Il PIL russo è tornato a crescere nel 2017 (+1,5%) dopo due anni di contrazione e la ripresa è destinata a continuare nel corso del biennio 2018-2019, grazie principalmente al rimbalzo dei prezzi del petrolio e all’aumento della domanda interna. Tuttavia, continuano a pesare le debolezze strutturali e l’impatto negativo delle sanzioni su produttività e investimenti. I principali rischi al ribasso a breve termine per le prospettive di crescita sono rappresentati dalla volatilità dei tassi di cambio e l’aumento dell’inflazione come conseguenza delle tensioni geopolitiche: ad agosto gli USA hanno imposto ulteriori sanzioni, incluso il divieto di esportare in Russia beni e tecnologie sensibili alla sicurezza, mentre a breve si profilano ulteriori misure restrittive in ottica commerciale. Atradius prevede la crescita dei consumi privati attestarsi su livelli robusti nei prossimi mesi, spinta dalla maggiore fiducia dei consumatori e da un più basso tasso di inflazione in grado di accrescere il reddito reale disponibile. La Russia ha visto un costante calo dell’inflazione sui prezzi al consumo dalla fine del 2015, permettendo alla Banca Centrale di tagliare più volte il tasso core al 7,25%. Un ulteriore allentamento monetario a sostegno della crescita è previsto a medio termine. Nonostante ciò, per quest’anno si prevede una crescita reale degli investimenti fissi ancora contenuta a causa dell’elevato livello di rischio percepito, delle inefficienze burocratiche e del debole contesto istituzionale.
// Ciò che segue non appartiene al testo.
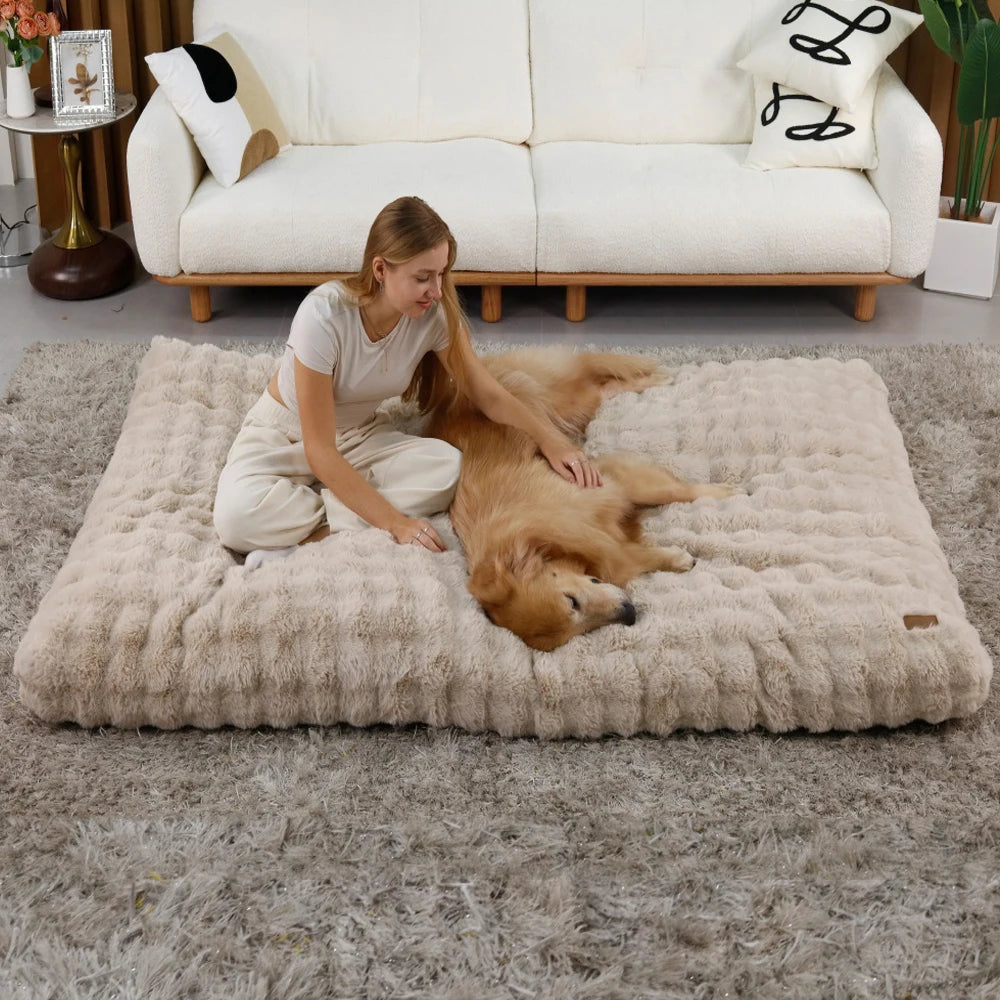 Ultra Plush Washable Dog Bed – Soft Pet Cushion Mat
Dallo scorso anno il settore bancario russo ha iniziato una lenta ripresa, tuttavia il lancio di nuove sanzioni dirette principalmente contro gli oligarchi russi, le loro società e la capacità di fare business minaccia di inibire la ripresa, generando incertezza e minori investimenti. Ecco allora che le misure restrittive varate da UE e USA potrebbero avere un impatto molto significativo a medio e lungo termine sulla capacità di rifinanziamento delle principali società e banche nazionali. In questo scenario la Banca Centrale consente al rublo di fluttuare, da un lato deprezzandosi e generando inflazione, ma allo stesso tempo agendo anche come ammortizzatore per il conto delle partite correnti, previsto rimanere in attivo nel biennio 2018-2019.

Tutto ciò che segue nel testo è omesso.